As part of a panel session and circle discussion at the Southern Intellectual History Circle in Edgefield, S.C. during late February, this forum sets a model for future forums. The brainchild of Art Remillard and Keith Harper, the scholars examined the way civil religious discourses can help us understand more broadly southern religious experience beyond monument building and the Lost Cause.

Remillard opens the panel with an examination of the Jackson-Jefferies prizefight for the heavy weight championship of the world in 1910. Keith Harper explores how denominational institutions muted explicit Lost Cause ideals in the formation of Southern Baptist Theological Seminary and the lives of John A. Broadus and James P. Boyce. Ed Crowther asks us to think about how civil religion in Confederate form helped explain why the Lost Cause came into existence even before the cause was lost. Chad Seales pushes the conversation beyond explicit religious experience to how advertisement marketers used a religious senisiblity to frame a cigarette ad in terms of race and purity ideas. All of the essays ask us to think about how civil religion may explain more than momunments and patriotism. Charles Reagan Wilson closes the forum with a reflection on both his own work, Baptized in Blood, and the essays presented here. Gratious as always, Wilson turnes his critical eye on his own work and those of the panelits. There is more work yet to do and graduate students would do well to read the forum for avenues of exploration.
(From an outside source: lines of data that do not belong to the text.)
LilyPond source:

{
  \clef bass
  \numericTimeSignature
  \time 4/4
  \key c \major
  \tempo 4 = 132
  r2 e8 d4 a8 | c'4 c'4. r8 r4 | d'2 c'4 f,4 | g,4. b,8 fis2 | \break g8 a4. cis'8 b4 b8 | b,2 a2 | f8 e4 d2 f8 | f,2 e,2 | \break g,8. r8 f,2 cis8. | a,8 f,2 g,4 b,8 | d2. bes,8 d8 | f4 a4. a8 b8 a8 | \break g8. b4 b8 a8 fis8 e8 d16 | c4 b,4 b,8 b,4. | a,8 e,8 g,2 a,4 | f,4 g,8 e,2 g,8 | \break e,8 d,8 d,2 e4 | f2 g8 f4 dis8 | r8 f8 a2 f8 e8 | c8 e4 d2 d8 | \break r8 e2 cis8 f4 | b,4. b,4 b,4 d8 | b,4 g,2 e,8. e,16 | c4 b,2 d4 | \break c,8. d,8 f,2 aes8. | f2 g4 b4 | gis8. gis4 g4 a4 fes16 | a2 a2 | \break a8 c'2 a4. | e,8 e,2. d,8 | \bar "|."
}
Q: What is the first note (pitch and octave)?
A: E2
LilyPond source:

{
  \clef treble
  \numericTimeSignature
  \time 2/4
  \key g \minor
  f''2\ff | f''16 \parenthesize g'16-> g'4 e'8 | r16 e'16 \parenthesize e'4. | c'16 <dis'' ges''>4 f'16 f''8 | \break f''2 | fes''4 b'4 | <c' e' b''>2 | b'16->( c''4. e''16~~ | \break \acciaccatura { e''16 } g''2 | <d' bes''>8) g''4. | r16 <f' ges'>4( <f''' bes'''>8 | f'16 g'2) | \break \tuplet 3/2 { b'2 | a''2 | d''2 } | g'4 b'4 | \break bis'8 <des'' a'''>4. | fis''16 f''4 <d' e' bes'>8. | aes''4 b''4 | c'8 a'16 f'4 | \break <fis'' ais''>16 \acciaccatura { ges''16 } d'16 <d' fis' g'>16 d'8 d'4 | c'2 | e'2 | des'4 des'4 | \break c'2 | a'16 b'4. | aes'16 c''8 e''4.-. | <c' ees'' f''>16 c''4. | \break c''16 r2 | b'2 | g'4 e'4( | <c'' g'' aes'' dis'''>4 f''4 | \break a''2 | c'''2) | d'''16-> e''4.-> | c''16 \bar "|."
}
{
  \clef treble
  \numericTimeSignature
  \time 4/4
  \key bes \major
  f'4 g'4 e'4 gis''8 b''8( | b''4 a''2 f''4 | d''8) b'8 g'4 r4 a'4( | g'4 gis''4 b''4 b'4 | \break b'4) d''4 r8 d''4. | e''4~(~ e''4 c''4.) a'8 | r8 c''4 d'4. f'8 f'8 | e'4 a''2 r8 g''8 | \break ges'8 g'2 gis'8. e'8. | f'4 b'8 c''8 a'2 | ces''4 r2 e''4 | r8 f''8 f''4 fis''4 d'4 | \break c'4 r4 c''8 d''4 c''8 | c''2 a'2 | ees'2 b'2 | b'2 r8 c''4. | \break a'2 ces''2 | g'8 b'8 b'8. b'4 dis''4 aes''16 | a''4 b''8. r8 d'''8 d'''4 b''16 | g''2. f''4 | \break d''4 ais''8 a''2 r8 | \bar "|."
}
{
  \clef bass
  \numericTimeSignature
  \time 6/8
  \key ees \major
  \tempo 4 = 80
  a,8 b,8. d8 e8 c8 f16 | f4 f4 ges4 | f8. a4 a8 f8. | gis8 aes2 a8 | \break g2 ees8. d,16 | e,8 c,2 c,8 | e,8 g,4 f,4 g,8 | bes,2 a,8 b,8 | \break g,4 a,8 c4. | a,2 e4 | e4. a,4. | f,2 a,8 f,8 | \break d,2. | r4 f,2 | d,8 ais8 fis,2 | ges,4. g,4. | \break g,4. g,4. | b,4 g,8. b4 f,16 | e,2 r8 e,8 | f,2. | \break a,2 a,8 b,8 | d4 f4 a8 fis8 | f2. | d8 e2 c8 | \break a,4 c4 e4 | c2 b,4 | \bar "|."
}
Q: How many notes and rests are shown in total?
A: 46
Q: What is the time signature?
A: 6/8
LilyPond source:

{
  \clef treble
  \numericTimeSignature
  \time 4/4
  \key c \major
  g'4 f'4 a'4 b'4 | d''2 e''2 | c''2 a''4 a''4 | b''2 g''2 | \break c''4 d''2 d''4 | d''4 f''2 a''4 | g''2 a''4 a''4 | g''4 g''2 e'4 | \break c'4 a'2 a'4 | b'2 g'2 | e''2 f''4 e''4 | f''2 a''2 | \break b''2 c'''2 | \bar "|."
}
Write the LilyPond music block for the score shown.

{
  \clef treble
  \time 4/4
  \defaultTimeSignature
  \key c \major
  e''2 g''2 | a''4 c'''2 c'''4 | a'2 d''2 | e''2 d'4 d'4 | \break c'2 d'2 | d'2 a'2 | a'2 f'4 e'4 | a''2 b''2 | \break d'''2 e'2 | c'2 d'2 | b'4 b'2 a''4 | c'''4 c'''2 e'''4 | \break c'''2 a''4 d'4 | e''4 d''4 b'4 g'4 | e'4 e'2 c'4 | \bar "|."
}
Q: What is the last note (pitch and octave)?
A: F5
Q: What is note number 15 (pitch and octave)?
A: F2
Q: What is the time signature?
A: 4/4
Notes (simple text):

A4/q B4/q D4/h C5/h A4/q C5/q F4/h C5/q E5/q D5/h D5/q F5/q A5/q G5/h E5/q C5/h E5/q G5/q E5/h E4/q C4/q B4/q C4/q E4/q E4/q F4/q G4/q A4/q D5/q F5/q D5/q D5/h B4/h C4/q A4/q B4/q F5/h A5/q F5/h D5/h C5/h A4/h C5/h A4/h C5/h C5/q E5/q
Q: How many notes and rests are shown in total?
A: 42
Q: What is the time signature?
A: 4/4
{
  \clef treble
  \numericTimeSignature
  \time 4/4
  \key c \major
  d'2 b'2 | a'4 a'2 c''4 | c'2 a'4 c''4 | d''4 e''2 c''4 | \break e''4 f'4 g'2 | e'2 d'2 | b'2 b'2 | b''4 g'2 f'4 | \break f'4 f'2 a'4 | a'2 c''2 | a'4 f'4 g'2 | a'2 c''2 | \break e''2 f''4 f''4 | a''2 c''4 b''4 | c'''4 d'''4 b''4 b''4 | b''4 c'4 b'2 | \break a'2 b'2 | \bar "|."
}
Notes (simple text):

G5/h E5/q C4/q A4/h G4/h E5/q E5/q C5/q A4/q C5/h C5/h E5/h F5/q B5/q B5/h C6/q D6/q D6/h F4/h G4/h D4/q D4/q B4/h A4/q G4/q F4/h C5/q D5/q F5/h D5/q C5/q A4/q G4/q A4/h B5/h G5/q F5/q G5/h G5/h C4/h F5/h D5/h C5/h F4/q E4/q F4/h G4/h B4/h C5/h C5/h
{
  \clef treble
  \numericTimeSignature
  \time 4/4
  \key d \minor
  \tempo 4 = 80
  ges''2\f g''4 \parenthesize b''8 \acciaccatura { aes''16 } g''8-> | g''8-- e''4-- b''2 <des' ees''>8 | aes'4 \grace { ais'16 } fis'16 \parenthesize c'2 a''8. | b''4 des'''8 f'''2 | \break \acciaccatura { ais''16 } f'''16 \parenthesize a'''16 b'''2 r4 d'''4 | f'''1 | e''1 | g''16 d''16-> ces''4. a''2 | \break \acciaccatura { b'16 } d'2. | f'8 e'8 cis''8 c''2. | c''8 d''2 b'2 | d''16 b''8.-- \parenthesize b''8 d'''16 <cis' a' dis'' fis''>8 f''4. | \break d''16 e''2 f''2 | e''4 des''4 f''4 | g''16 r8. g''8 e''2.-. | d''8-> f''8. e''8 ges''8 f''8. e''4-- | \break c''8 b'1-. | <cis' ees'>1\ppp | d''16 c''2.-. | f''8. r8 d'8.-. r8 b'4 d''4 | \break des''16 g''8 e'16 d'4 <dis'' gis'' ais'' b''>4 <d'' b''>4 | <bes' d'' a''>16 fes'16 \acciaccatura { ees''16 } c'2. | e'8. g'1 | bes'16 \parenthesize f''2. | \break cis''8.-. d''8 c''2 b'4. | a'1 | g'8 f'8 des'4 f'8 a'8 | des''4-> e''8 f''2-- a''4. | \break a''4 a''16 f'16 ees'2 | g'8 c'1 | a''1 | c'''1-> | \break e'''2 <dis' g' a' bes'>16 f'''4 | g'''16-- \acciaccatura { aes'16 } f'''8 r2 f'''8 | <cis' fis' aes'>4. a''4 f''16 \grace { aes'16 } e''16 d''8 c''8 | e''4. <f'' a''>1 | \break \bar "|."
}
For those unfamiliar with the Southern Intellectual History Circle, the group meets every February for a keynote and two panel presentations. On the Saturday of the meeting, the group holds what is essentially a workshop for the panelists in the forum of a circle discussion. The creation of Micahel O’Brien (most notably Conjectures of Order among other writings that set the field of southern intellectual history), SIHC has held some seminal panels on southern religion, which Seales noted, even as O’Brien remained exceptionally uninterested in religion. This past spring O’Brien passed away. In part to his health, he did not attend the meeting. In retrospect, I would enjoyed his observations and discussion contributions. For those who have not attended one of the meetings, please consider doing so in the coming years.

The panel on southern civil relgions, co-sponsored by JSR, created a way forward for forums. We do not have a dedicated annual conference that drives publication, but I would like to find a way to co-sponsor more conference panels that find their way into JSR.